I think we're all a bit confused as to what you wanted from this thread too op as your posts are long and quite contradictory.

To sum up for you: yes, he might be a bit thoughtless and/or rude but you either tell him or put up with it.

Think that just about covers it.

Sweets101 · 20/01/2017 11:14

It's once a fortnight on his way to/from visiting his mum in hospital i really think you're being quite odd about it. How much time/money does a sarnie once a fortnight cost you? Confused

user1484493755 · 20/01/2017 11:24

I'm not serving him anything.

I serve friends who happen to pop round. Not friends who message informing me they are eating my food.

I'm not a complete idiot. And I'm not being taken for one either.

In some ways he's a great guy. But he's majorly taking liberties and he knows it.

OP posts:
user1484493755 · 20/01/2017 11:26

I've made up my mind so we're only going to go round in circles.

I shouldn't have even posted.

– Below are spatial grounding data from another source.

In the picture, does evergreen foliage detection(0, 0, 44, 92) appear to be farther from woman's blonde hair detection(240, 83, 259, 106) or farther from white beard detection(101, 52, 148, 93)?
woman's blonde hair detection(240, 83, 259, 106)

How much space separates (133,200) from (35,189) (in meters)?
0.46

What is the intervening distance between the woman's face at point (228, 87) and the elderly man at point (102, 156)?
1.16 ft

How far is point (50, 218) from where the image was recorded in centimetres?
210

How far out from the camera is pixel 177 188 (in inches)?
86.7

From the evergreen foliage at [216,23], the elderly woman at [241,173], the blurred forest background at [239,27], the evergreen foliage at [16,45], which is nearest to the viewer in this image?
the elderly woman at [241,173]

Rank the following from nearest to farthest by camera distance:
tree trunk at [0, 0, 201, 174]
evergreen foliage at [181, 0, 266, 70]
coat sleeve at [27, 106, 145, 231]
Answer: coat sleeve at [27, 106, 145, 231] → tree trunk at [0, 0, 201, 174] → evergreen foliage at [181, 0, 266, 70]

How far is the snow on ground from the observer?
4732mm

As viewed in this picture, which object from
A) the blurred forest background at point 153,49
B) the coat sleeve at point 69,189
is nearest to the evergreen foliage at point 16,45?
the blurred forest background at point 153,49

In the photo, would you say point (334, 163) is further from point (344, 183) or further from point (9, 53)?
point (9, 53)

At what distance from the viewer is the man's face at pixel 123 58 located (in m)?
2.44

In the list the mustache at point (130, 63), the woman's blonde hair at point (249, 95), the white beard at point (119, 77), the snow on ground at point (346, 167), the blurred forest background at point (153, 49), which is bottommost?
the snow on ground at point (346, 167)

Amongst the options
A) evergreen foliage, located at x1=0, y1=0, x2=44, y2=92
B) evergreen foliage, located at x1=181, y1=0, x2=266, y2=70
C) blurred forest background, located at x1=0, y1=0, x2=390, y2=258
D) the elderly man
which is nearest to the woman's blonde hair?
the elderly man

I did so in the heat of the moment as I was angry.

I'm fine now and have made my decision.

OP posts:
GingerIvy · 20/01/2017 11:27

OP: AIBU?

Many posters: Yes YABU, because ..... or even YANBU, but you should...

OP: I'm not BU!! I'm not! I didn't ask for your opinion!

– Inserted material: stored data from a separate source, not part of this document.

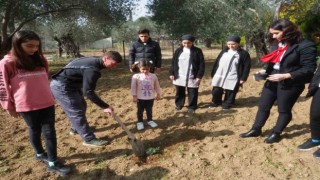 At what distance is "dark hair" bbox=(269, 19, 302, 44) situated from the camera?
3521 millimetres

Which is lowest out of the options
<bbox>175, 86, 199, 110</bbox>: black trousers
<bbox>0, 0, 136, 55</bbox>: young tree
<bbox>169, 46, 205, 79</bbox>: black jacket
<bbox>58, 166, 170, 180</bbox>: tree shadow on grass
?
<bbox>58, 166, 170, 180</bbox>: tree shadow on grass

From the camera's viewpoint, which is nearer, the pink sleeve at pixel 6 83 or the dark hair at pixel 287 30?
the pink sleeve at pixel 6 83

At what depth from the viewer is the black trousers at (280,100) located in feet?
Answer: 12.4

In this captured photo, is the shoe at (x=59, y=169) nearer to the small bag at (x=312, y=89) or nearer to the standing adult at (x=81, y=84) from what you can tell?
the standing adult at (x=81, y=84)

Welcome to MN. Perhaps you should acquaint yourself with AIBU before posting here, if you're expecting everyone to fawn in agreement over your post and not offer any opinion that conflicts with yours. Hmm

What an unbelievable waste of time.

Mimicat44 · 20/01/2017 11:29

Just start making terrible, inedible food

user1484493755 · 20/01/2017 11:29

Gingerivy yoy don't know him. None of you do so can't possibly say I'm being unreasonable and I see that now.

FWIW all our mutual friends have told me to stop making him lunch. They know him so I'm going to take their opinion over people who don't know me or him aren't it.

I shouldn't have posted. No one who doesn't know him can give a proper opinion. To them all they see is a socially awkward man. But I know him better and know he's taking advantage.